Gesundheitspolitik
Gesundheitspolitischer Sprecher Marian Koppe, MdL
Gesundheitspolitischer Sprecher Marian Koppe, MdL

Verpflichtung bereits vor Studienbeginn - Taubert: Unfinanzierbar

Von Fabian Wahl

Erfurt - Im Kampf gegen den zunehmenden Ärztemangel sollen nach dem Willen der FDP-Landtagsfraktion Hausärzte als Beamte auf Zeit eingestellt werden. Diese sollten dann bei Bedarf in medizinisch unterversorgten Gebieten eingesetzt werden, sagte FDP-Gesundheitsexperte Marian Koppe am Freitag in Erfurt. Den Plänen zufolge sollen angehende Medizinstudenten bereits nach dem Abitur bundesweit angeworben werden und mit Studienbeginn ein Beamtengehalt beziehen. Im Gegenzug müssen sie nach der Ausbildung für mindestens fünf Jahre im ländlichen Raum als Hausarzt arbeiten. Gesundheitsministerin Heike Taubert (SPD) bezeichnete den Vorstoß als untauglich. Die Grünen begrüßten die Idee grundsätzlich.

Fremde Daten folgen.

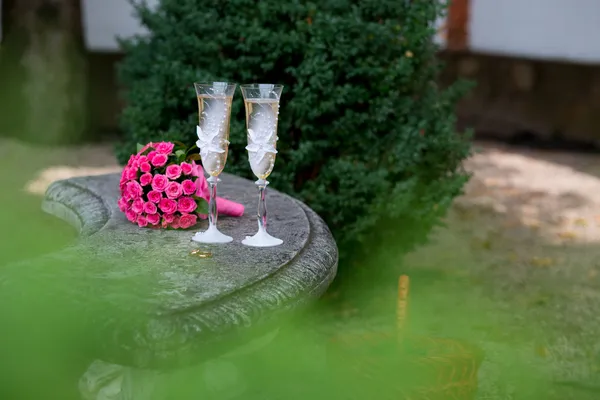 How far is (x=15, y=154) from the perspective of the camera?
7.80 metres

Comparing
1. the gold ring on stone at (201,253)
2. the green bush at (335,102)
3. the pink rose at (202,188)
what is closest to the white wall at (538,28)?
the green bush at (335,102)

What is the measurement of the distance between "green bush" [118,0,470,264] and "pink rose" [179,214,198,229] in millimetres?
1244

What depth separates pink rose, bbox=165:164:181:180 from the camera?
2488 mm

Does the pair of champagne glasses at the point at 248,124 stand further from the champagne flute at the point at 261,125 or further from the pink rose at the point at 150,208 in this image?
the pink rose at the point at 150,208

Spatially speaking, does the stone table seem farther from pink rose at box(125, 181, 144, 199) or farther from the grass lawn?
the grass lawn

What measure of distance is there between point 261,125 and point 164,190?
38cm

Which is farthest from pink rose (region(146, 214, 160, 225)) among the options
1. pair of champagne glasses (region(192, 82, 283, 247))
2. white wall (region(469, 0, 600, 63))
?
white wall (region(469, 0, 600, 63))

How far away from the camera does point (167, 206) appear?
2516 mm

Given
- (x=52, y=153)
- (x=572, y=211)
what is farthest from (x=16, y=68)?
(x=572, y=211)

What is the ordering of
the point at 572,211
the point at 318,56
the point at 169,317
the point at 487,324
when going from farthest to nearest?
1. the point at 572,211
2. the point at 487,324
3. the point at 318,56
4. the point at 169,317

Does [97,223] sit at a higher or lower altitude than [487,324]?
higher

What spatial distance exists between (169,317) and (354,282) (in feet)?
8.00

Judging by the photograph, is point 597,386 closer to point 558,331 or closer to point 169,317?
point 558,331

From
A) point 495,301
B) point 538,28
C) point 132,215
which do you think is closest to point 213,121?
point 132,215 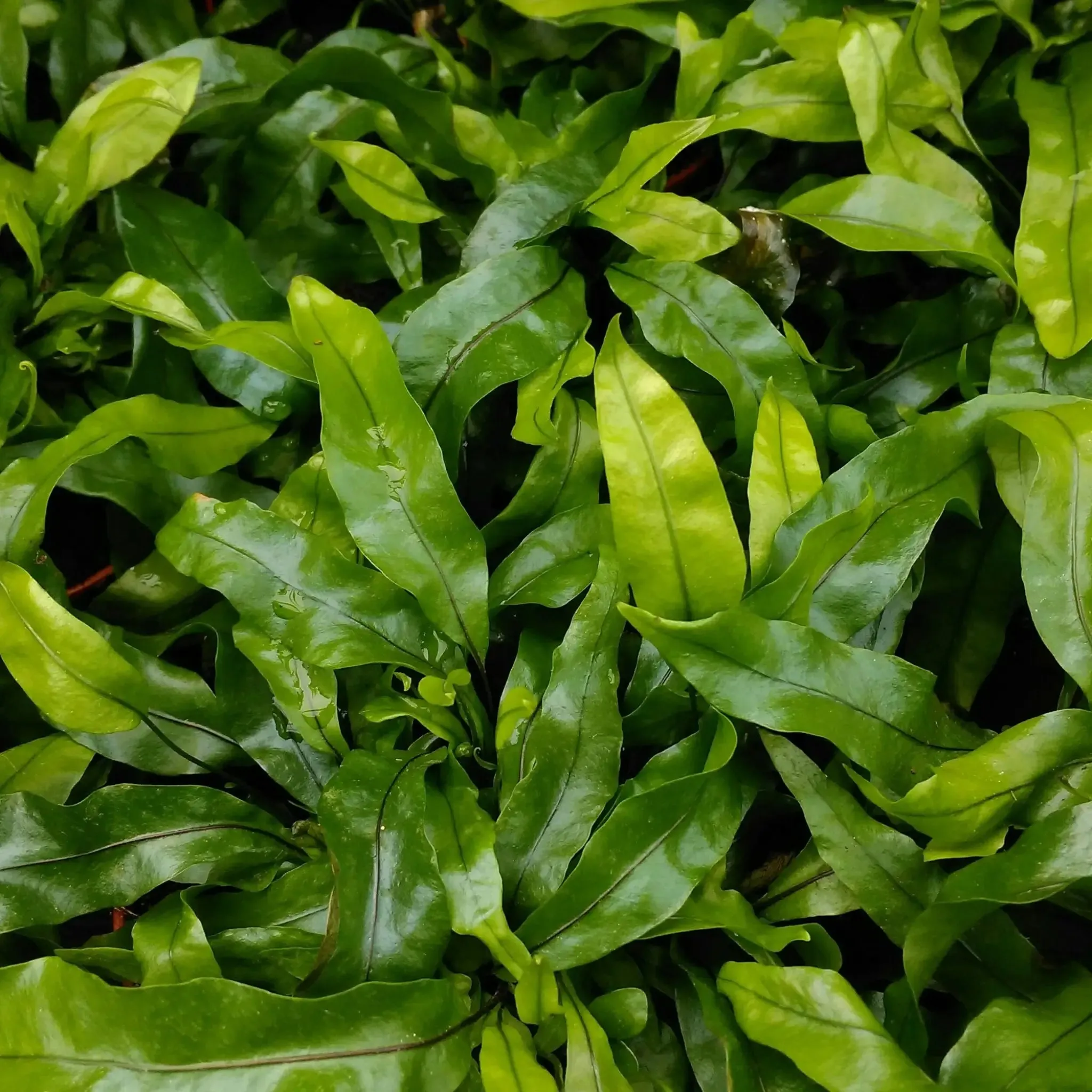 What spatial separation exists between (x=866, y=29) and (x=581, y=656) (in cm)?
61

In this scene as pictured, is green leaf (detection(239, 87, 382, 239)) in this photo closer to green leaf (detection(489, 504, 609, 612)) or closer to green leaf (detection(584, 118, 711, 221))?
green leaf (detection(584, 118, 711, 221))

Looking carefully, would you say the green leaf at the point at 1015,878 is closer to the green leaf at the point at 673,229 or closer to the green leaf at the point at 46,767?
the green leaf at the point at 673,229

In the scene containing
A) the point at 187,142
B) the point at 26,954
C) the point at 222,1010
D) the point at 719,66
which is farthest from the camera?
the point at 187,142

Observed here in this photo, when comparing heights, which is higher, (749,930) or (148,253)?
(148,253)

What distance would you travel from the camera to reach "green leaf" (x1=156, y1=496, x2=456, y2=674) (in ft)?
2.36

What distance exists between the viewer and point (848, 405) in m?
0.84

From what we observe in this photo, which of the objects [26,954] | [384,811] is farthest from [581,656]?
[26,954]

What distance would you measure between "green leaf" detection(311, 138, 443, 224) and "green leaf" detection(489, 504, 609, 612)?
342 millimetres

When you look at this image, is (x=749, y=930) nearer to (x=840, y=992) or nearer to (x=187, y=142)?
(x=840, y=992)

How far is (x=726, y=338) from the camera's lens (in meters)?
0.79

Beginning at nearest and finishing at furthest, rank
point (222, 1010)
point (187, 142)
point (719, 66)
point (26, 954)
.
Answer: point (222, 1010) < point (26, 954) < point (719, 66) < point (187, 142)

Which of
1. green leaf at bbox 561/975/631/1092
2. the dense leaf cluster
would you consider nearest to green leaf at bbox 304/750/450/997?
the dense leaf cluster

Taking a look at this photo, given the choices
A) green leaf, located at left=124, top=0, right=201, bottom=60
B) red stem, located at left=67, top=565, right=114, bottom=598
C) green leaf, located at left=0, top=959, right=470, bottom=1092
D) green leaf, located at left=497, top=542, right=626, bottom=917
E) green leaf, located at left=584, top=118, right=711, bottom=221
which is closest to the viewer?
green leaf, located at left=0, top=959, right=470, bottom=1092

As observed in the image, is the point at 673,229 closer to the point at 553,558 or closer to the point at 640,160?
the point at 640,160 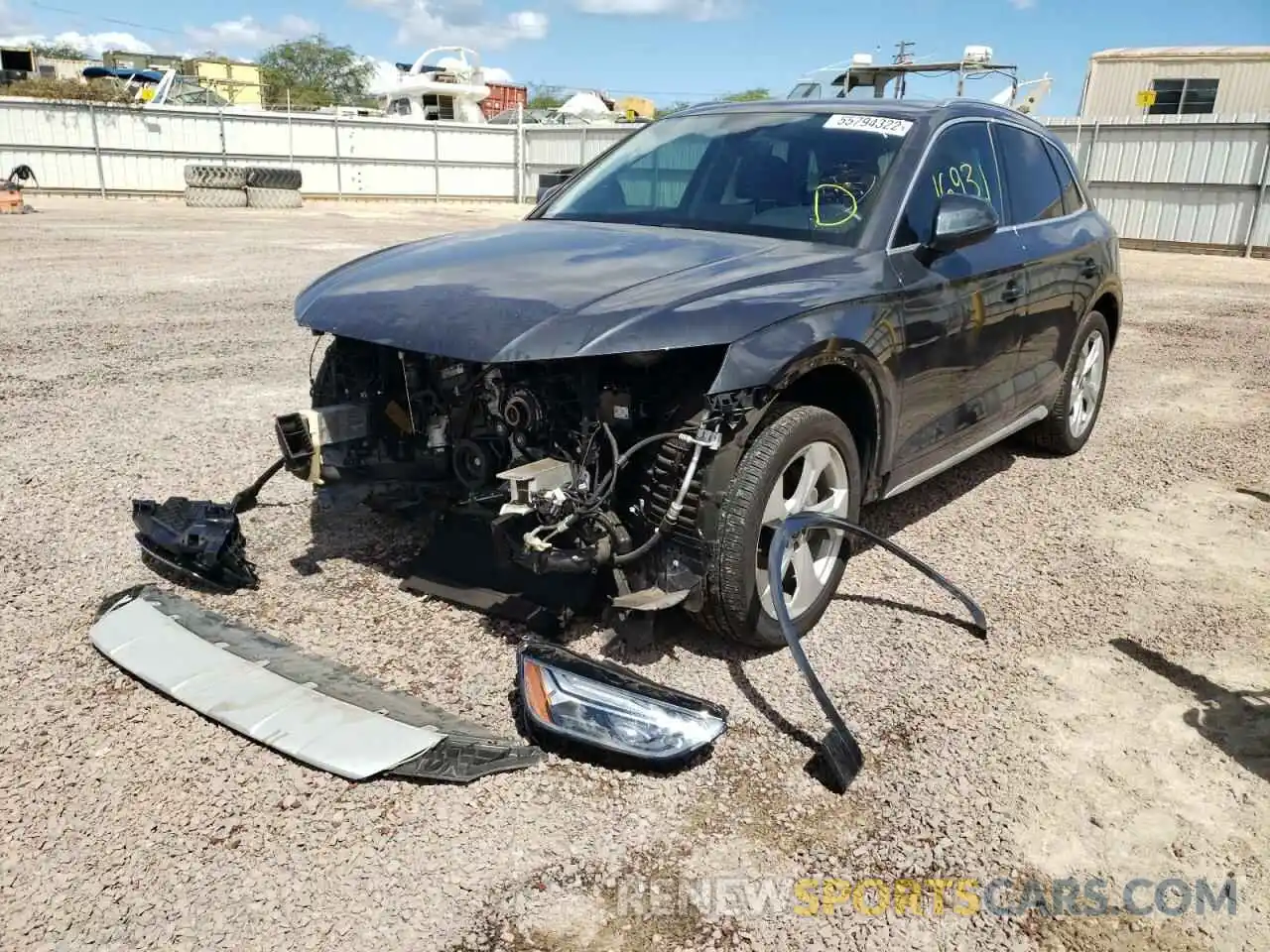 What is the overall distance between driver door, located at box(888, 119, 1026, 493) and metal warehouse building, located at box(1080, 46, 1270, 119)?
2587cm

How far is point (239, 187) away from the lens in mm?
23953

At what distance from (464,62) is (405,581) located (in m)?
37.2

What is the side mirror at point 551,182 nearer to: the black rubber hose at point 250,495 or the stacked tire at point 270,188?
the black rubber hose at point 250,495

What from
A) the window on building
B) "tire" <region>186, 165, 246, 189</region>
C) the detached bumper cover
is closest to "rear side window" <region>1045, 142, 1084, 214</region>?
the detached bumper cover

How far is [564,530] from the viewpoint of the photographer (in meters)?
2.98

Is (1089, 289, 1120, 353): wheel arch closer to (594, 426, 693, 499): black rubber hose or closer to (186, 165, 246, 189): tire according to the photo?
(594, 426, 693, 499): black rubber hose

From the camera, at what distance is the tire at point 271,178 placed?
78.6 ft

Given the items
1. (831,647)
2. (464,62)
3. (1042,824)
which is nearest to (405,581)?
(831,647)

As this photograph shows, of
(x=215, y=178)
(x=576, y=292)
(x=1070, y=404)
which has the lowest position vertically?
(x=1070, y=404)

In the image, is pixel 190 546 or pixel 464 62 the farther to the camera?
pixel 464 62

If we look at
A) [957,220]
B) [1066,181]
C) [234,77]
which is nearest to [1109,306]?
[1066,181]

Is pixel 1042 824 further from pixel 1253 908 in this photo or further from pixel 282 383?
pixel 282 383

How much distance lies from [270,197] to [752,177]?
74.3 ft

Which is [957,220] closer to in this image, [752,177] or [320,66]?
[752,177] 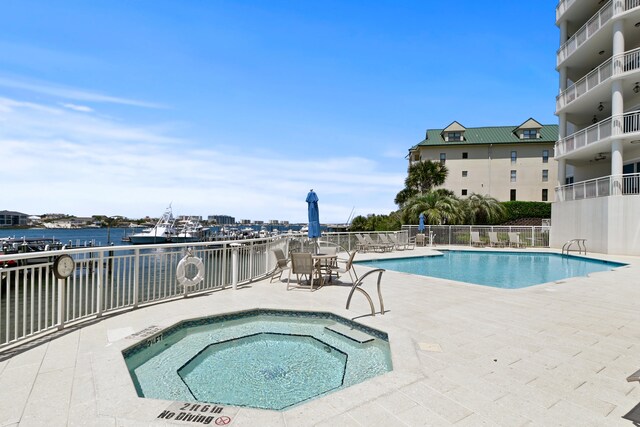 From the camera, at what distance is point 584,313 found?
18.6 feet

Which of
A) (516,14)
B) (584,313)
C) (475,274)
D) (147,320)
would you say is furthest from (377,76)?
(147,320)

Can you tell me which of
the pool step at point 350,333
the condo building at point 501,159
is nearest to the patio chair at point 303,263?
the pool step at point 350,333

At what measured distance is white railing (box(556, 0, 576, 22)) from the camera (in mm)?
20961

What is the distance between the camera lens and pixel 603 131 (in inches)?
691

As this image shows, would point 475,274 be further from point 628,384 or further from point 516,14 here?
point 516,14

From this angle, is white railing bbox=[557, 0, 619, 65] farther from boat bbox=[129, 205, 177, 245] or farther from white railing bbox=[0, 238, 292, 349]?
boat bbox=[129, 205, 177, 245]

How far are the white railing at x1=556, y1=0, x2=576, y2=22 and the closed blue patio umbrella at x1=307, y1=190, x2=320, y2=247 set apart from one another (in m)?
22.6

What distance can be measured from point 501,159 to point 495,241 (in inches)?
973

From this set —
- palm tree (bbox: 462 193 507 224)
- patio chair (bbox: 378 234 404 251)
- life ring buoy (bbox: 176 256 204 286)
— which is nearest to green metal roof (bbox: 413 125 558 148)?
palm tree (bbox: 462 193 507 224)

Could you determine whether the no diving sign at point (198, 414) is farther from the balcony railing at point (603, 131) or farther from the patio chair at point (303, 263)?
the balcony railing at point (603, 131)

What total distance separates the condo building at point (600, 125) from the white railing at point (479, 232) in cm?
73

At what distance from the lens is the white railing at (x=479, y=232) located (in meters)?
20.9

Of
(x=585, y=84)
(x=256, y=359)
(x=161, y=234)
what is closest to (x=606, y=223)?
(x=585, y=84)

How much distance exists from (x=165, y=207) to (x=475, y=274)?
61.3 metres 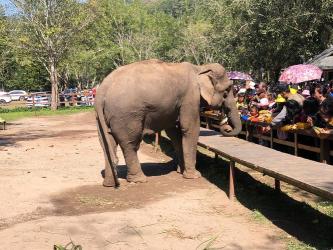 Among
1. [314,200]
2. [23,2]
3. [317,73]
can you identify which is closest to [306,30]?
[317,73]

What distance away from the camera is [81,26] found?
1382 inches

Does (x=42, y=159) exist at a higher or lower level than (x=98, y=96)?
lower

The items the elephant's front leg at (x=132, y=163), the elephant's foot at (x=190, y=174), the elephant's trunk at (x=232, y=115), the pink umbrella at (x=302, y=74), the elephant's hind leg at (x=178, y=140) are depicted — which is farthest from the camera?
the pink umbrella at (x=302, y=74)

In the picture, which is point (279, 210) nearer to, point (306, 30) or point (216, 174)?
point (216, 174)

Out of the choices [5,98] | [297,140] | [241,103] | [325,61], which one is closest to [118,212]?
[297,140]

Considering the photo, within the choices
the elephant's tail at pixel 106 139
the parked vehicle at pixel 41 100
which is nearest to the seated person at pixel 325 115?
the elephant's tail at pixel 106 139

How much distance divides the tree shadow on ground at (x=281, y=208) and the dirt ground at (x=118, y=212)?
0.77 feet

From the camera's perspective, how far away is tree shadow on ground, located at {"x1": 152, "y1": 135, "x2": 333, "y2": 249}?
21.7ft

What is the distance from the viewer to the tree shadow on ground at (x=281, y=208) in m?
6.61

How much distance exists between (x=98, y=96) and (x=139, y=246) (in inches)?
158

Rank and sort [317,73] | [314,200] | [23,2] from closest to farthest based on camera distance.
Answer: [314,200] < [317,73] < [23,2]

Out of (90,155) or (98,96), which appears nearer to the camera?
(98,96)

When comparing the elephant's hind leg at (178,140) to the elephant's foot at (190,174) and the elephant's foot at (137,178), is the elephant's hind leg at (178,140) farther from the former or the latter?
the elephant's foot at (137,178)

Für die Umsetzung soll laut FDP ein Landesärztedienst als Landesgremium geschaffen werden, der den Bedarf an neuen Ärzten festlegt und somit die medizinische Grundversorgung sicherstellt. Insgesamt verpflichteten sich die Teilnehmer für 15 Jahre beim Landesärztedienst, sagte Koppe. Die Zeit des Studiums und der Facharztausbildung soll angerechnet werden. «Momentan fehlen bereits 104 Hausärzte und 22 Fachärzte in Thüringen», sagte Koppe. Etwa 40 Prozent der Ärzte sei heute älter als 60 Jahre. «Die amtierende Landesregierung nimmt das Problem des Ärztemangels nicht ernst genug», sagte Koppe.
Mit bisherigen Modellen wie einem Stipendiensystem könne der Ärztebedarf nicht gedeckt werden. «Es müssen neue Wege gegangen werden», sagte Koppe.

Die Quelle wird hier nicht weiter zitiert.